Print the lines that start the entries and continue through the one holding "Under Armour Favorite", please, exactly and with the pictures omitted.

Short web captions
╭──
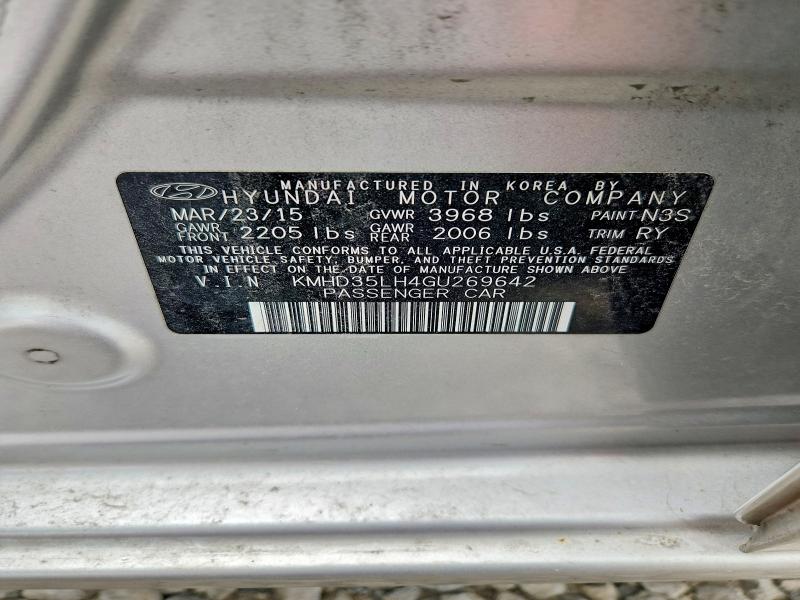 Продаж на аукціоні авто 2016 Hyundai Elantra Gt, vin: KMHD35LH4GU269642, номер лоту: 58948626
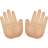 mains ouvertes-peau-moyenne-claire icon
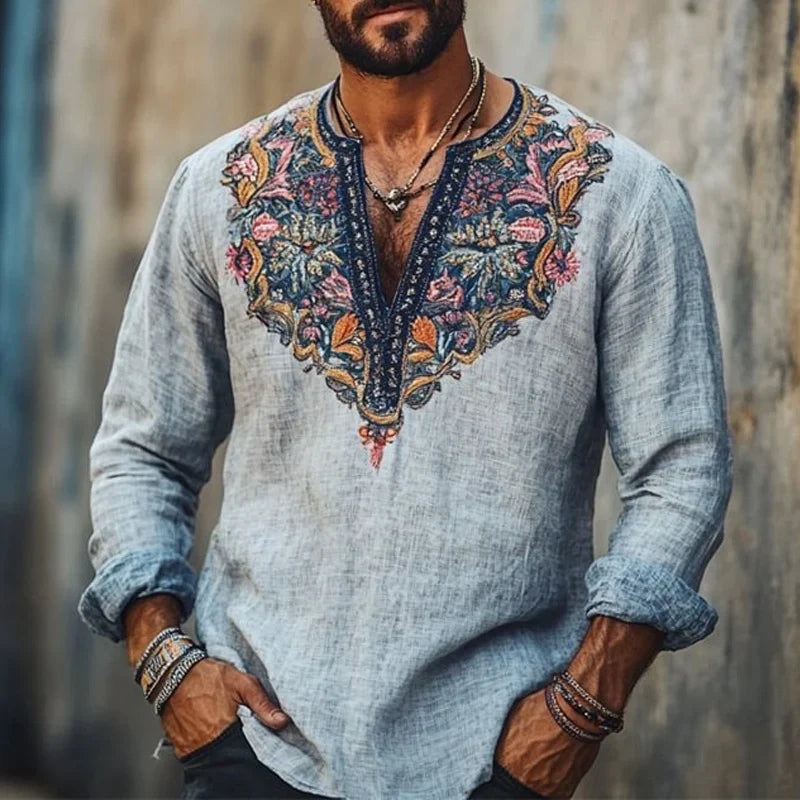Sebastiano | Men's Bohemian Summer Shirt for Festivals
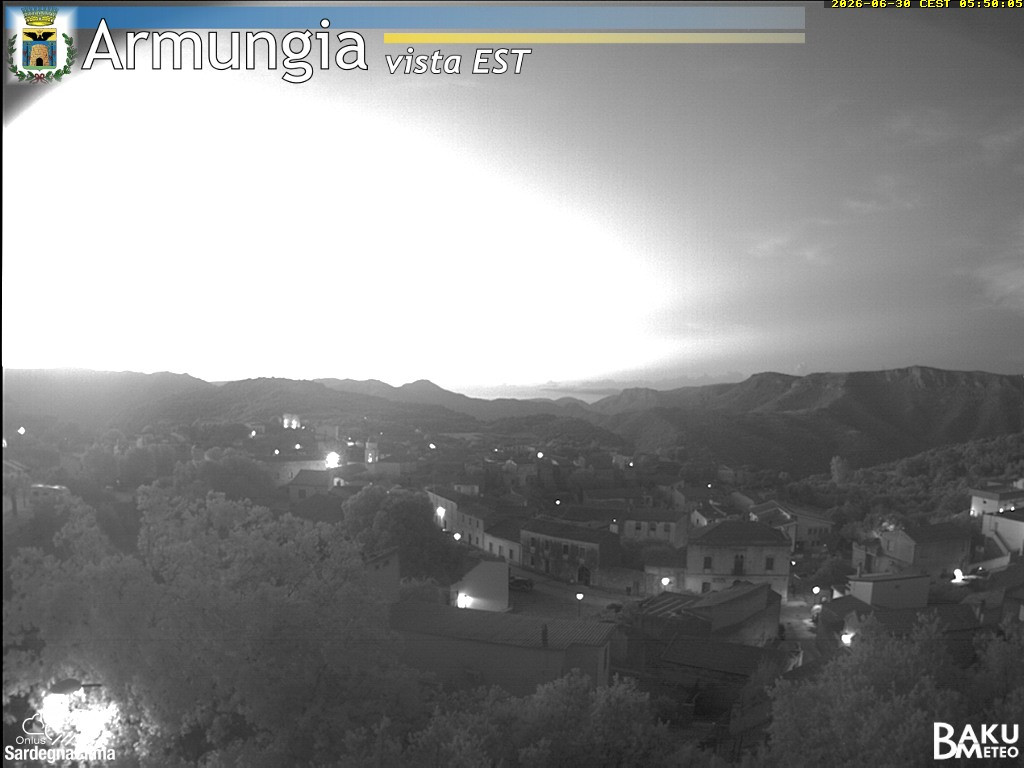 time-lapse frame, Armungia webcam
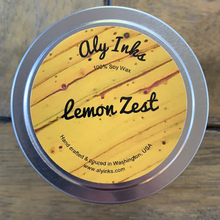 Load image into Gallery viewer, Sale! Mini Lemon Zest Soy Candle 4oz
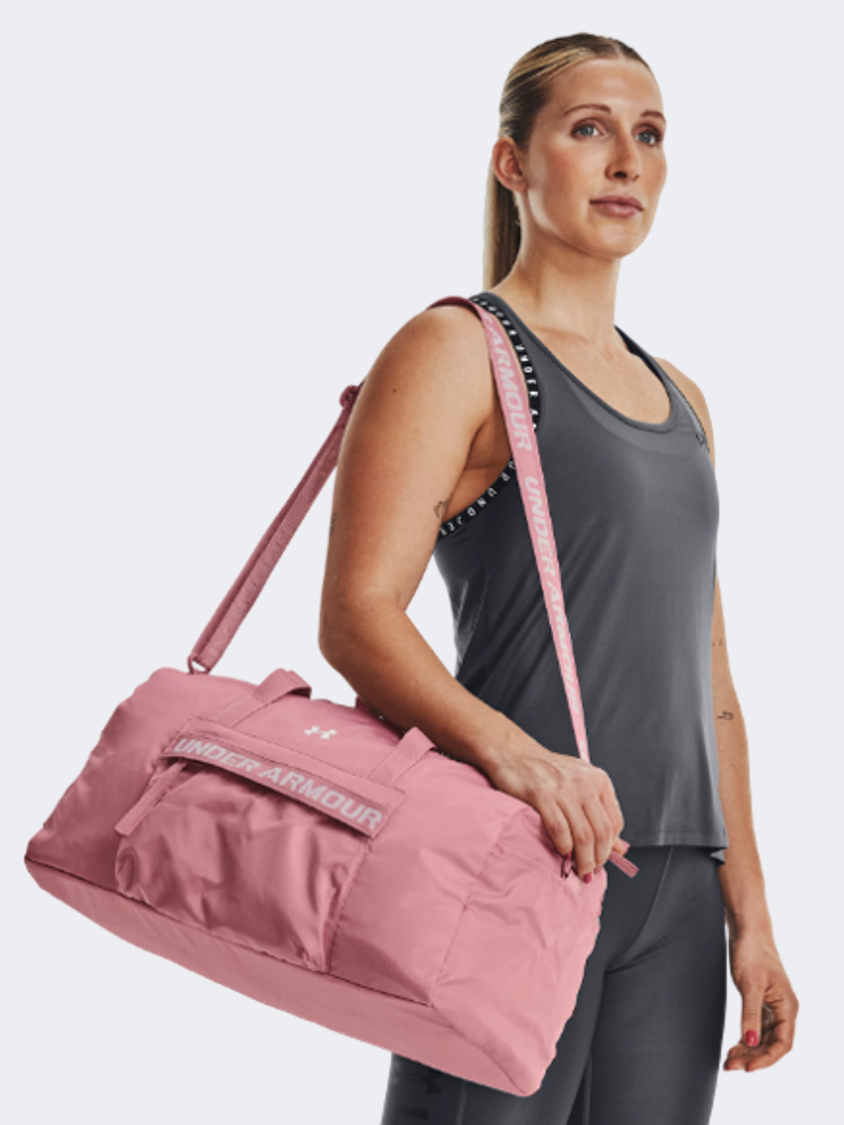 Under Armour Favorite Duffle Women Training Bag Pink Elixir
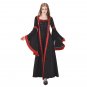 Cosplaydiy Renaissance Medieval Dress Black And Red Hoody Custom Made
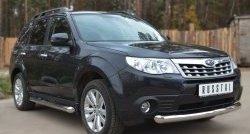 15 999 р. Одинарная защита переднего бампера диаметром 76 мм SLITKOFF  Subaru Forester  SH (2008-2013)  с доставкой в г. Белгород. Увеличить фотографию 2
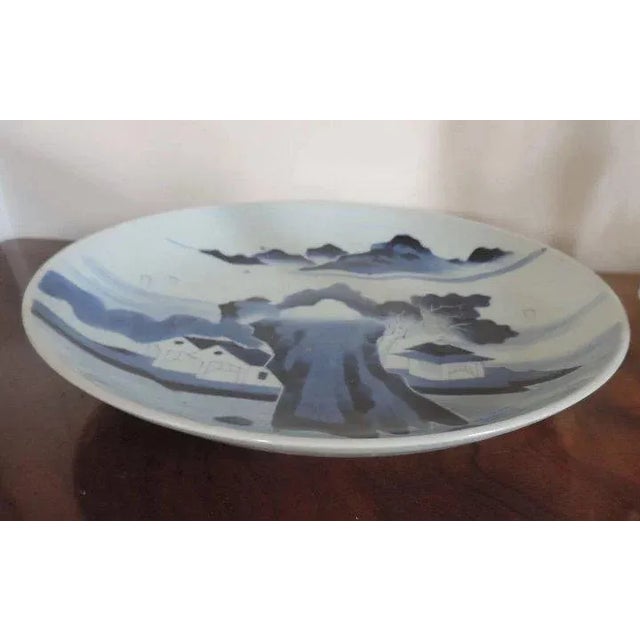 Blue 18th Century Blue & White Chinese Porcelain Charger Platter For Sale - Image 8 of 10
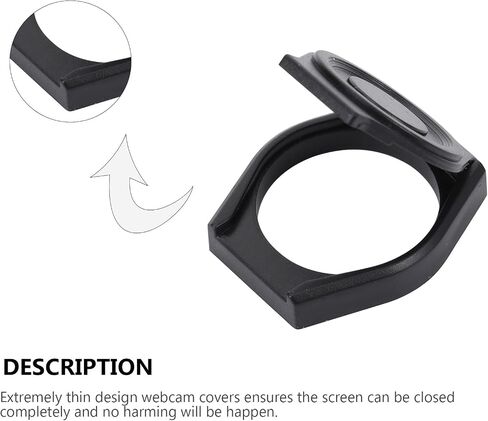 10Pcs Webcam Lens Protective Caps ABS Black for Privacy Protection in Saudi Arabia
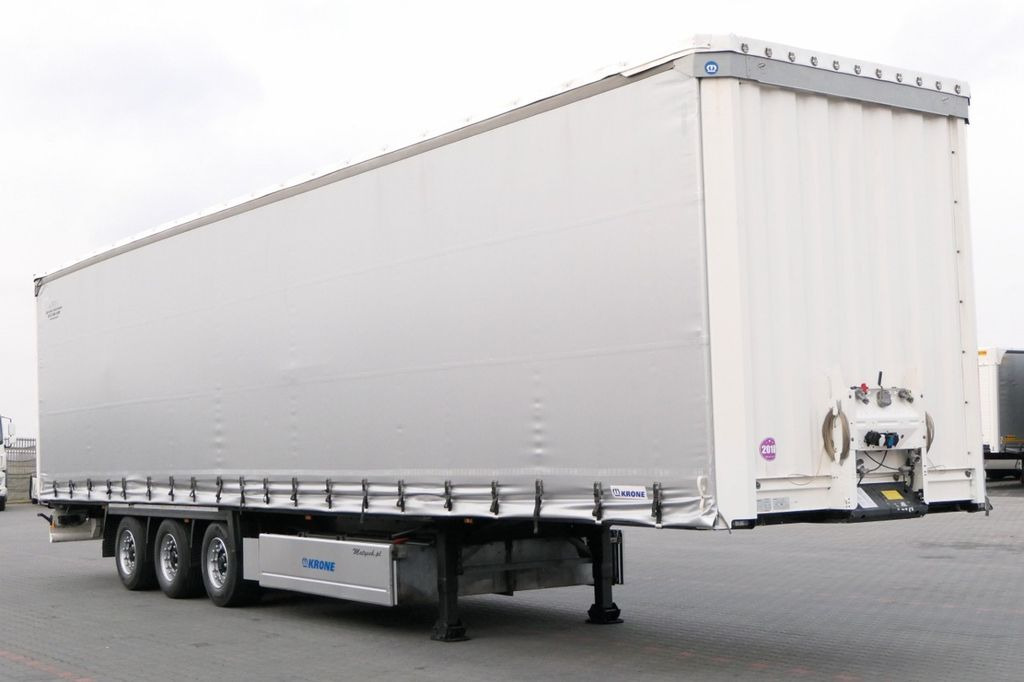 الخيمة نصف مقطورة Krone CURTAINSIDER/MEGA/PALLET BOX/LIFTED ROOF & AXLE/ Krone CURTAINSIDER/MEGA/PALLET BOX/LIFTED ROOF & AXLE/: صور 9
╰──
**Written reply:**
 Продаж на аукціоні авто 2016 Hyundai Elantra Gt, vin: KMHD35LH4GU269642, номер лоту: 58948626
 mains ouvertes-peau-moyenne-claire icon
Sebastiano | Men's Bohemian Summer Shirt for Festivals
 time-lapse frame, Armungia webcam
 Load image into Gallery viewer, Sale! Mini Lemon Zest Soy Candle 4oz
 Under Armour Favorite Duffle Women Training Bag Pink Elixir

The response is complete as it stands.